*YOUR ASSIGNMENT*:
In the data below, repeat the line containing "Ручка шариковая Kugel" and every following line exactly, up to and including the last line. Exclude pictures.

══════

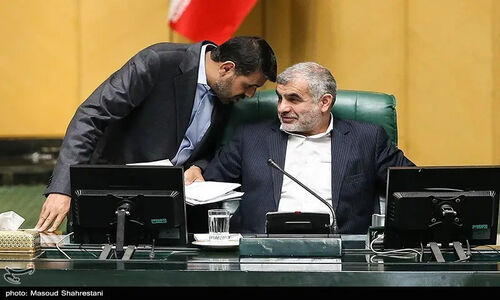 نیکزاد: جلسه صحن به‌جای یکشنبه، دوشنبه برگزار می‌شود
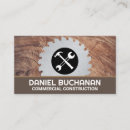 Search for saw blade business cards Home improvement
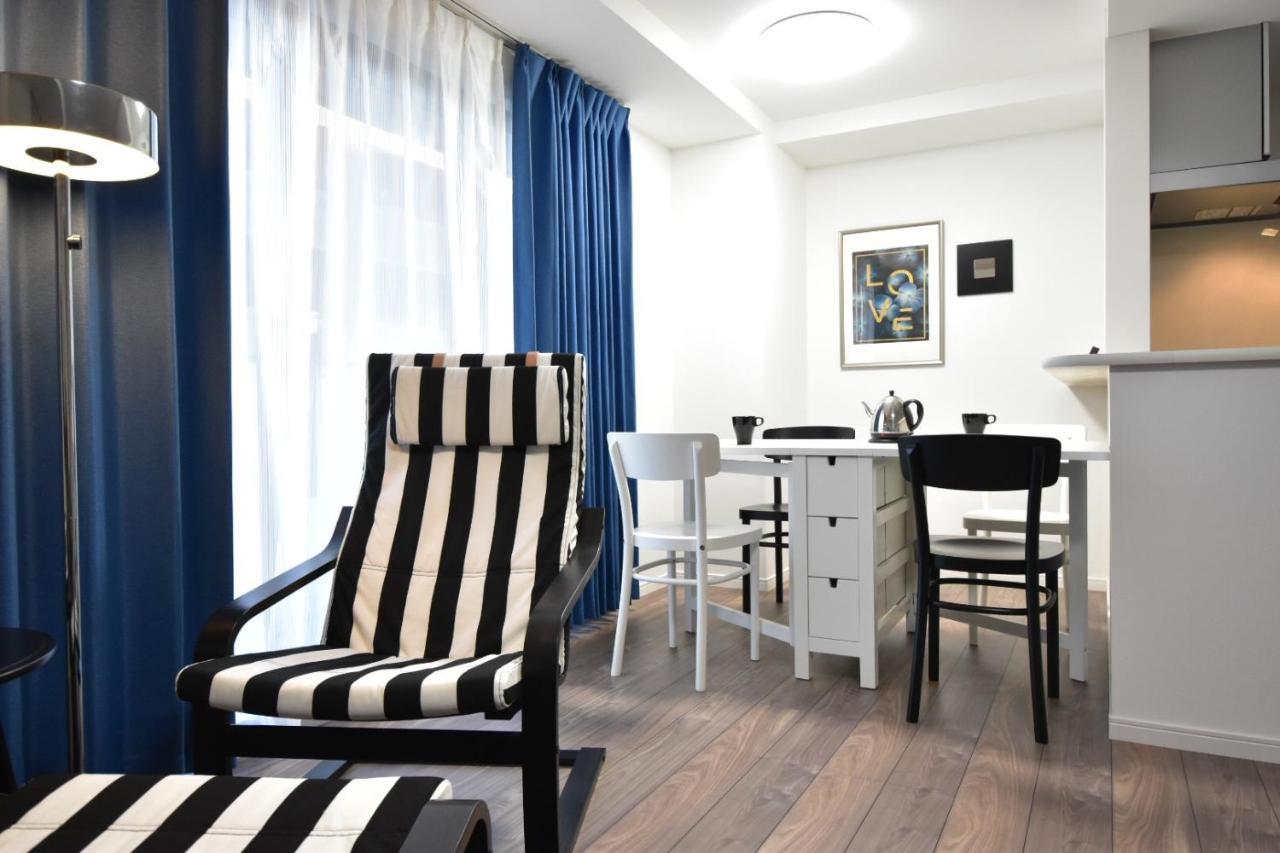 Lang Hotel Ginza # 1Floor 1Room# With Kitchen Токіо Екстер'єр фото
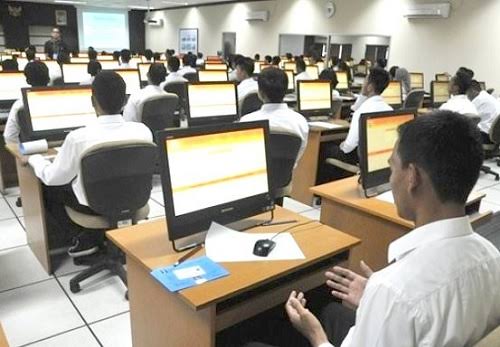 Pemrov Riau Buka Seleksi Pejabat Eselon II Secara Online 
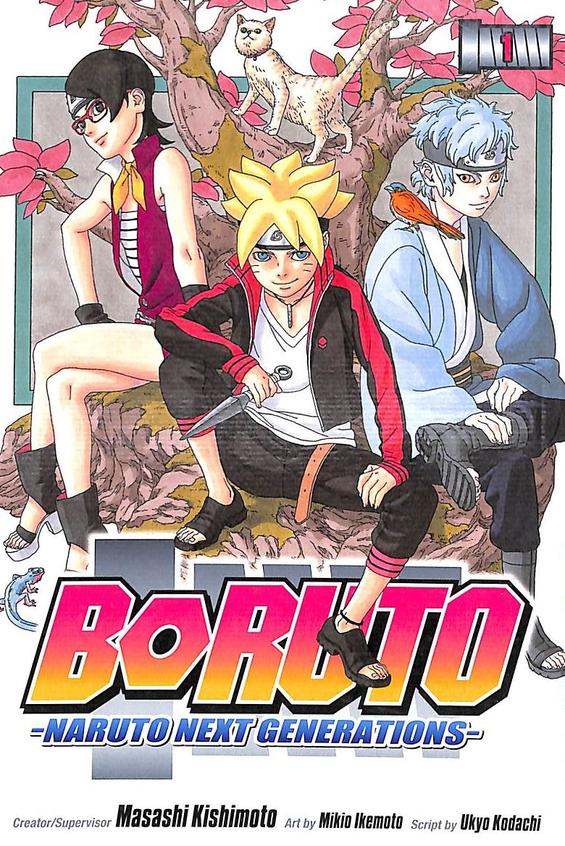 Buy Boruto: Naruto Next Generations, Vol. 1: Naruto Next Generations ...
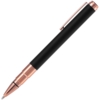 Ручка шариковая Kugel Rosegold, черная (Изображение 2)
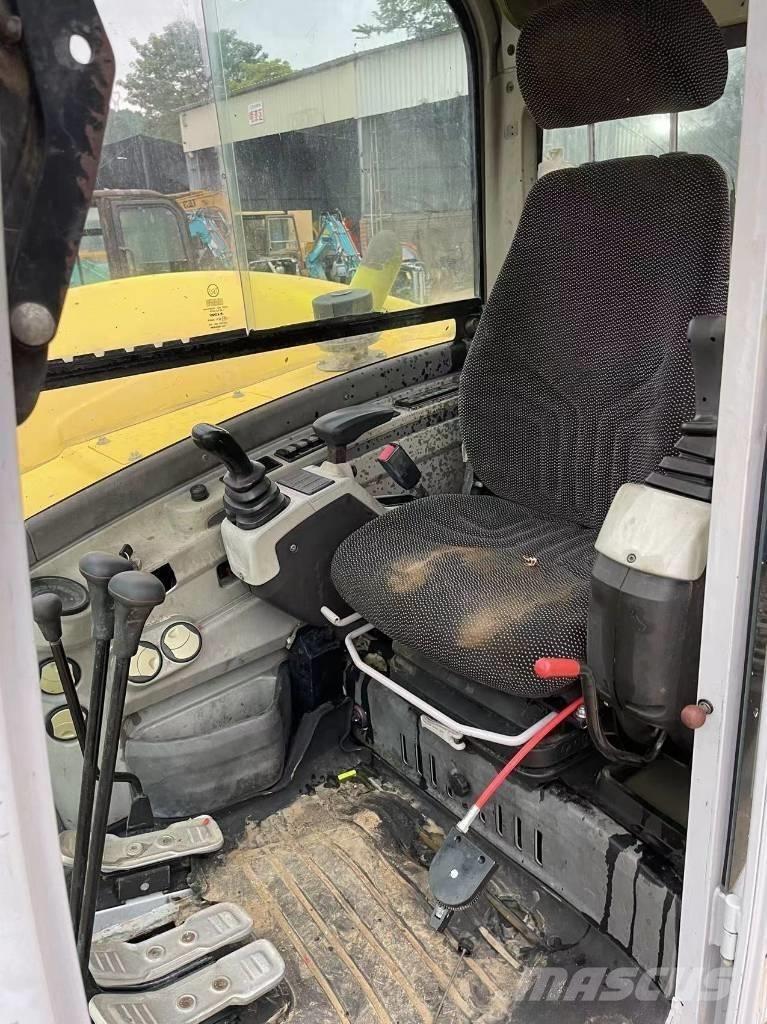 Wacker Neuson 8003 Excavadoras 7t - 12t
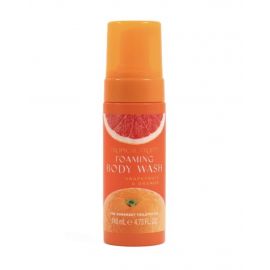 Somerset Toiletry - Tropical Fruits – Grapefruit & Pomeranč Mycí pěna na tělo, 140 ml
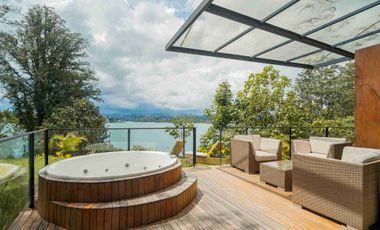 Venta de cabaña en Guatape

══════

*WRITTEN SOLUTION*:
 Ручка шариковая Kugel Rosegold, черная (Изображение 2)
 Wacker Neuson 8003 Excavadoras 7t - 12t
 Somerset Toiletry - Tropical Fruits – Grapefruit & Pomeranč Mycí pěna na tělo, 140 ml
 Venta de cabaña en Guatape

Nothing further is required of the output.